Task item: Below are the records. Gather each line that holds "Size".

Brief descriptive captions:
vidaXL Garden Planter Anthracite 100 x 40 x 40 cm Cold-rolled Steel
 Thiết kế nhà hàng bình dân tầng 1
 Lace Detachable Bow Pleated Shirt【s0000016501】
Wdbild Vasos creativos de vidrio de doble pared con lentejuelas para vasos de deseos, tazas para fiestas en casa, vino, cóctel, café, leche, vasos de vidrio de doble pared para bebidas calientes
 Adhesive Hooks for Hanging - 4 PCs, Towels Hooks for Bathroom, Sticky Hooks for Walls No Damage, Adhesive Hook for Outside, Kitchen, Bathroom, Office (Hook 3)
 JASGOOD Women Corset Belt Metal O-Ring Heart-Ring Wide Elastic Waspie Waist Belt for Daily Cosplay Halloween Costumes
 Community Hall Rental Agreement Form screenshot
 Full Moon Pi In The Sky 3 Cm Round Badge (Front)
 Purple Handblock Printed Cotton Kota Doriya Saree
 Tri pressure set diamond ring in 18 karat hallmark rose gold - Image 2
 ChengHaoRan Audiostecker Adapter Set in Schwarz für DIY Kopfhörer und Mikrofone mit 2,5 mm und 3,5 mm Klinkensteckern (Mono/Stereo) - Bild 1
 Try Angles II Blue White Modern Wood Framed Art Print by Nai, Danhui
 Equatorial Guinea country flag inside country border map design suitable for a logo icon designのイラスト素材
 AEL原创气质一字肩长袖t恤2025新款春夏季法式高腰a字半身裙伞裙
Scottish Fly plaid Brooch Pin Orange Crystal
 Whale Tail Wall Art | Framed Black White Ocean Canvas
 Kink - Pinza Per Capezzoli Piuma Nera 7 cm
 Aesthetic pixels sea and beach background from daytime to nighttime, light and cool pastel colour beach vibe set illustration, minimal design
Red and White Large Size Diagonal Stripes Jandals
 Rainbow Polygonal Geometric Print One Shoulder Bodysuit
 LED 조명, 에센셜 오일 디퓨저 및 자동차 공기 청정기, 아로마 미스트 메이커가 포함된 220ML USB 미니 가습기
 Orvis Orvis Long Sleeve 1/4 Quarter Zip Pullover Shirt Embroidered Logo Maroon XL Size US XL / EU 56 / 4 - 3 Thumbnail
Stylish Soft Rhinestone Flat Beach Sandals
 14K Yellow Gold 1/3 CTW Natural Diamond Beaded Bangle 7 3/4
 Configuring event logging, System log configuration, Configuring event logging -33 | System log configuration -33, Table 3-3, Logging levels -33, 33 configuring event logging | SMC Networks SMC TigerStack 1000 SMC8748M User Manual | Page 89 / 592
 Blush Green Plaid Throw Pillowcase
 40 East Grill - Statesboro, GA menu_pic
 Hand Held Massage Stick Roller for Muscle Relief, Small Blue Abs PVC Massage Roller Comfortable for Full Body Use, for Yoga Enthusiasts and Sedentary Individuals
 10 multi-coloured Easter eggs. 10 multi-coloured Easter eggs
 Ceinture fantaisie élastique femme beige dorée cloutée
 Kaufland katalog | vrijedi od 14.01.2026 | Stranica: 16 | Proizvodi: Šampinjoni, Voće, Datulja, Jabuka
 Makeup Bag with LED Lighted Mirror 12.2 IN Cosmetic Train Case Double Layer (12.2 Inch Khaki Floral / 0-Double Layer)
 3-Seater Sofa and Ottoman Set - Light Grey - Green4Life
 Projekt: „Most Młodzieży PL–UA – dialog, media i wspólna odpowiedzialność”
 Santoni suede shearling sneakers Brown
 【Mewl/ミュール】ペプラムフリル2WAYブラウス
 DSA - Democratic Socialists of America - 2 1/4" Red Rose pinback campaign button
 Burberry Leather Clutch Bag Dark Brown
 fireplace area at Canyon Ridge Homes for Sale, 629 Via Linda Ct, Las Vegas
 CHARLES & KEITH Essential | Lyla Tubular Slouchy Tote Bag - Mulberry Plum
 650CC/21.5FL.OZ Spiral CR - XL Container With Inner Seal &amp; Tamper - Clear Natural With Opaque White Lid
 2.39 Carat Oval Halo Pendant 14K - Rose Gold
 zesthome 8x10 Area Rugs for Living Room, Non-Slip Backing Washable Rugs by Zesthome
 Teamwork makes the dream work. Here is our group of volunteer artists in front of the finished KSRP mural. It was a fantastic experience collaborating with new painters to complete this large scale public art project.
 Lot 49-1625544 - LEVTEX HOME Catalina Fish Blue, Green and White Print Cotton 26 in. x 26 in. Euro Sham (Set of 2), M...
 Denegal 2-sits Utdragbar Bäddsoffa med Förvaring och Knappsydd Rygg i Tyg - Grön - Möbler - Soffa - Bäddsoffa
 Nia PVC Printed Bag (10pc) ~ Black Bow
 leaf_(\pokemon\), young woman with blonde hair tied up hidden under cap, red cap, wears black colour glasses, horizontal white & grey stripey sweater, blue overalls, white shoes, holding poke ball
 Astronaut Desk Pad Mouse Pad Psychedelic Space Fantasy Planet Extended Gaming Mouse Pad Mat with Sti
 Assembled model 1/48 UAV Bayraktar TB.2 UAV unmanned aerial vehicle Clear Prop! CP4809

Answer to this problem:
Red and White Large Size Diagonal Stripes Jandals
 Orvis Orvis Long Sleeve 1/4 Quarter Zip Pullover Shirt Embroidered Logo Maroon XL Size US XL / EU 56 / 4 - 3 Thumbnail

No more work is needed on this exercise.